Stored entries:

"""

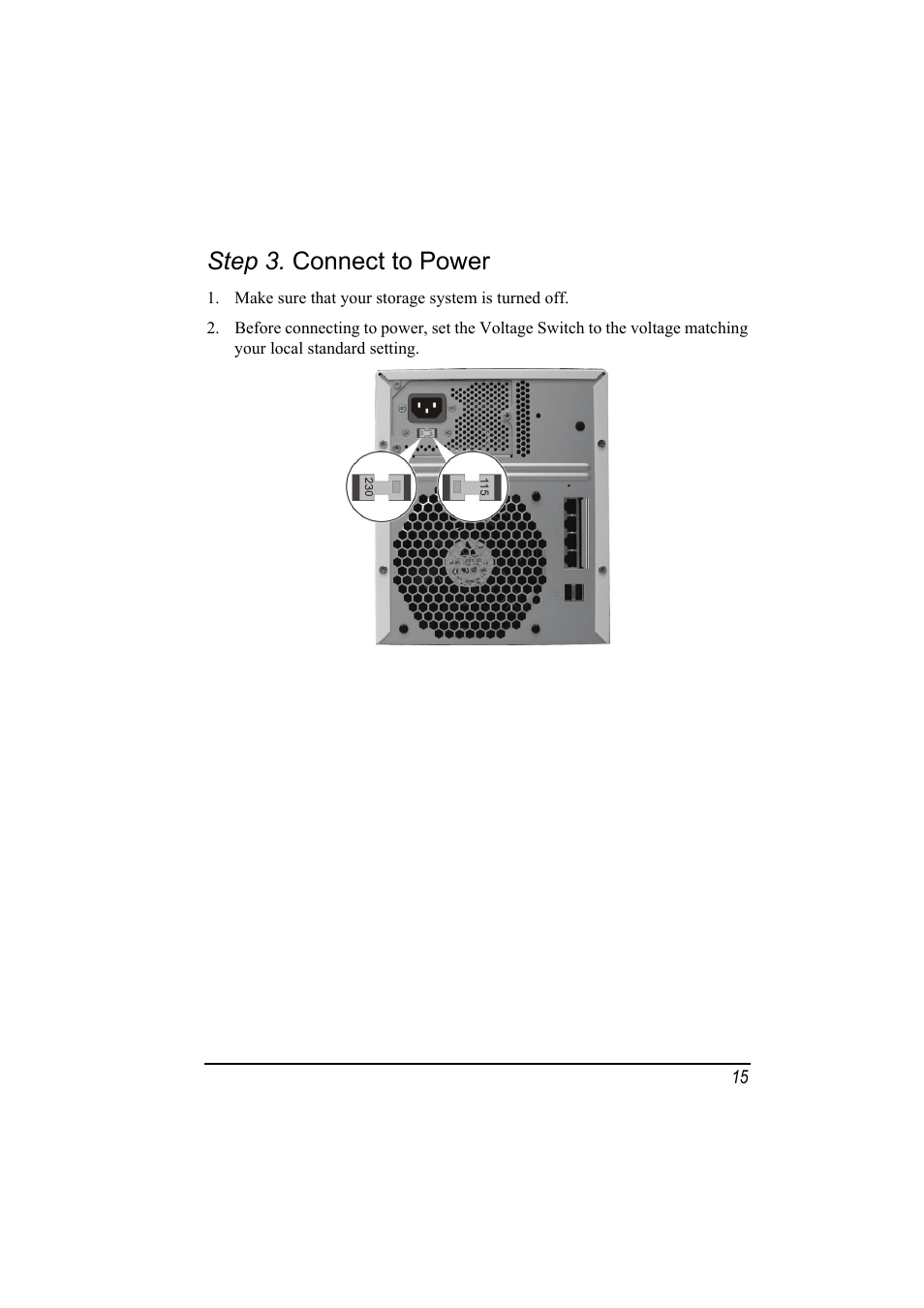 Step 3. connect to power | SMC Networks SMCNAS24 User Manual | Page 23 / 78
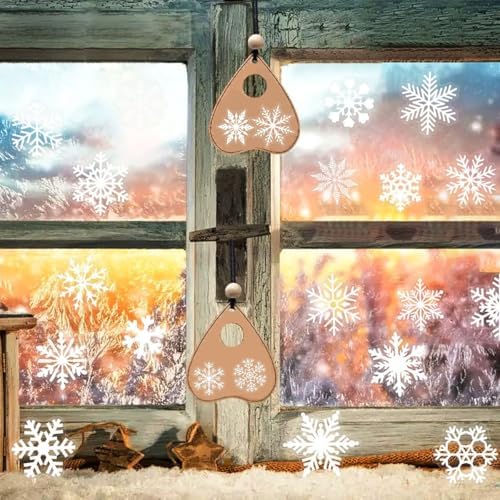 50 PCS Snowflake Stickers for Scrapbooking Journaling Junk Journal Scrapbook Supplies - Waterproof Transparent PET Aesthetic Decals for Resin Crafts Decorative Art Crafts (Snowflake) - Image 2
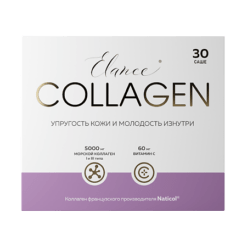 Elance Collagen powder 5254 mg in sachet packets, 30 pcs.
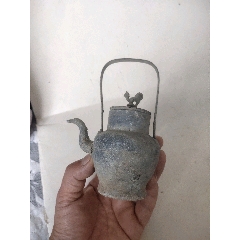 明代小錫壺酒壺，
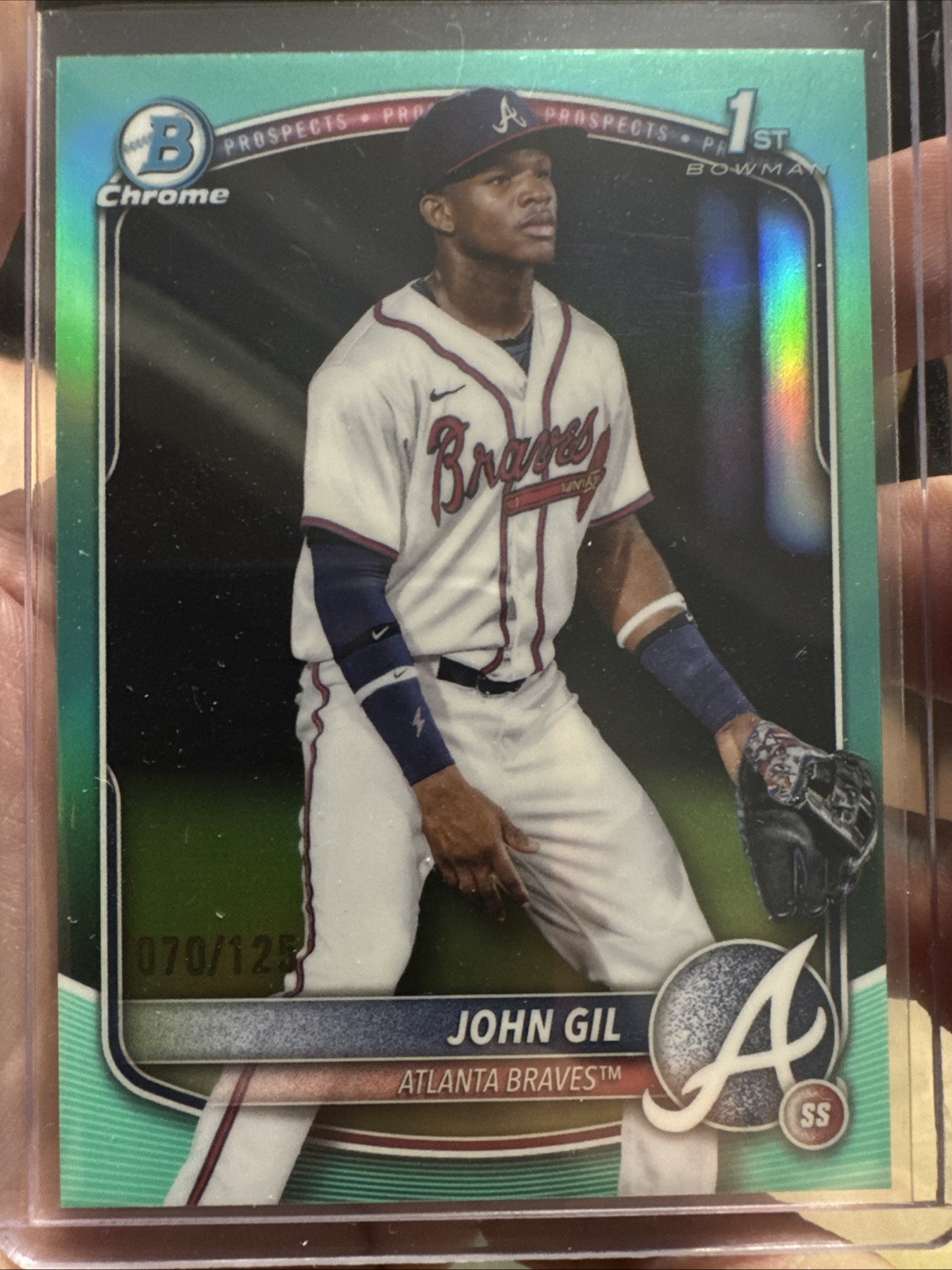 2025 Bowman Chrome John Gil #BCP-172 1st Bowman True Aqua /125
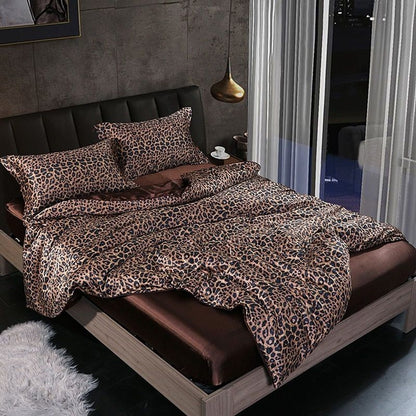 EverGlow Bed Set – LuxeGlow's Satin Bed Set with a unique Cotton Feel, designed for an elegant look and a comfortable, soft texture.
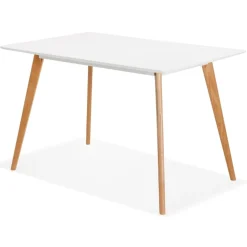 Petite table ou bureau design 'MARIUS' blanche style scandinave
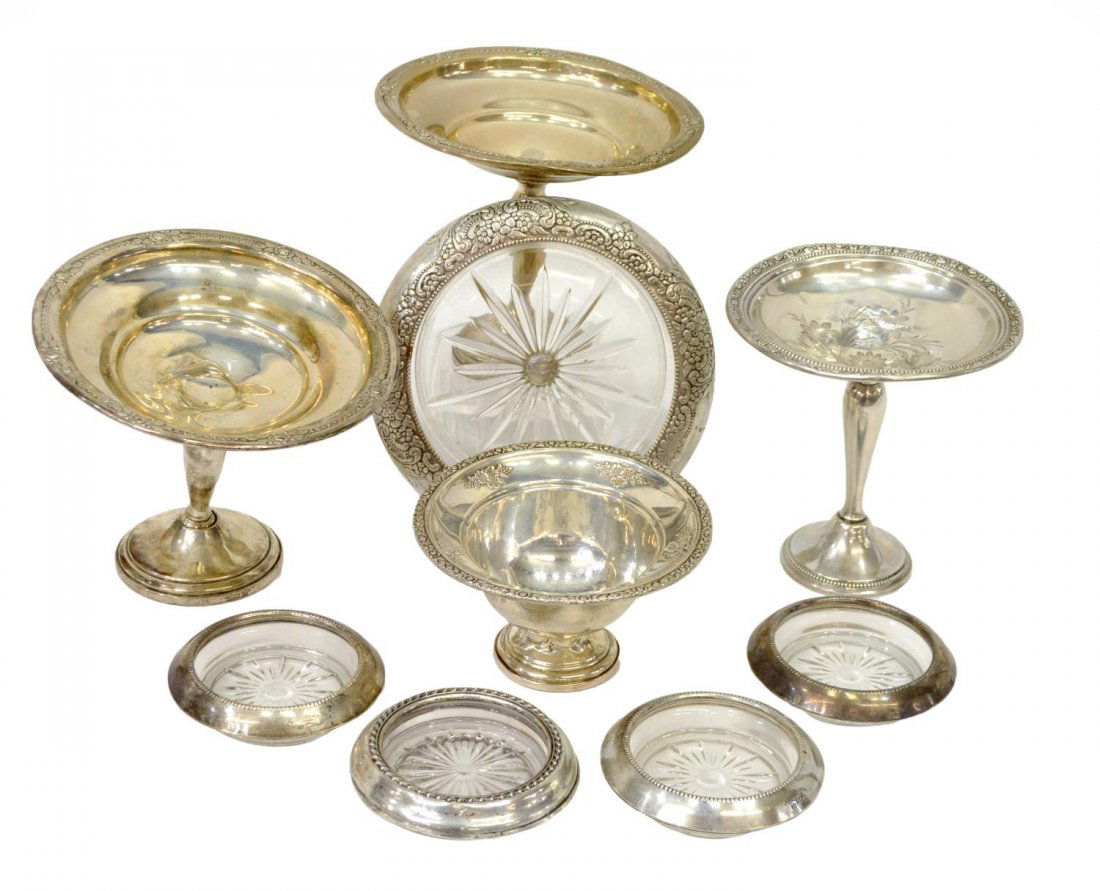 (9) SCRAP LOT WEIGHTED STERLING SILVER TABLEWARE (1 of 8)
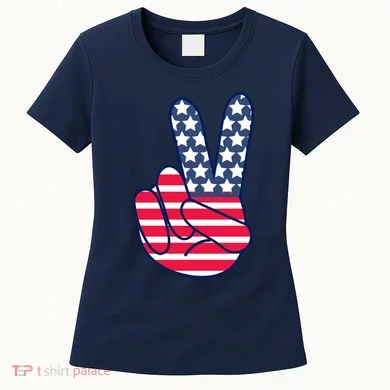 USA Simple Peace Sign Women's T-Shirt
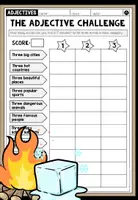 Vorschau - Arbeitsblätter - ADJECTIVES - Challenge (3 Arbeitsblätter) - Deckblatt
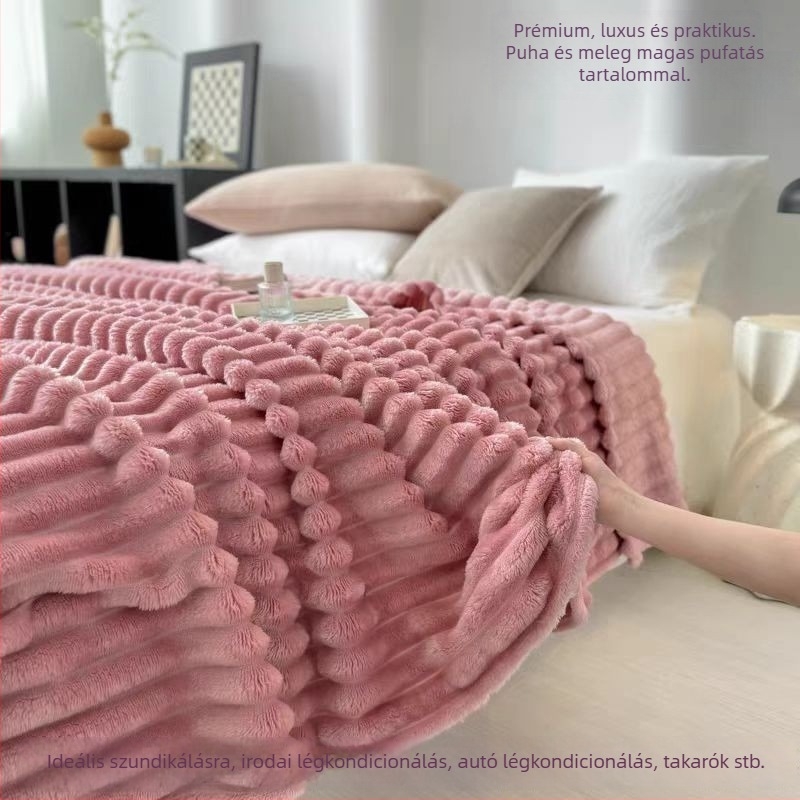 Kanapé takaró poliészter fleece-ből, 500–800 g, egyszínű, modern minimalizmus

"""

▶ _What to do_
Start at the first line and set down all of the data exactly, passing over the pictures.

▶ _Your solution_
 Step 3. connect to power | SMC Networks SMCNAS24 User Manual | Page 23 / 78
 50 PCS Snowflake Stickers for Scrapbooking Journaling Junk Journal Scrapbook Supplies - Waterproof Transparent PET Aesthetic Decals for Resin Crafts Decorative Art Crafts (Snowflake) - Image 2
 Elance Collagen powder 5254 mg in sachet packets, 30 pcs.
 明代小錫壺酒壺，
 2025 Bowman Chrome John Gil #BCP-172 1st Bowman True Aqua /125
 EverGlow Bed Set – LuxeGlow's Satin Bed Set with a unique Cotton Feel, designed for an elegant look and a comfortable, soft texture.
 Petite table ou bureau design 'MARIUS' blanche style scandinave
 (9) SCRAP LOT WEIGHTED STERLING SILVER TABLEWARE (1 of 8)
 USA Simple Peace Sign Women's T-Shirt
 Vorschau - Arbeitsblätter - ADJECTIVES - Challenge (3 Arbeitsblätter) - Deckblatt
 Kanapé takaró poliészter fleece-ből, 500–800 g, egyszínű, modern minimalizmus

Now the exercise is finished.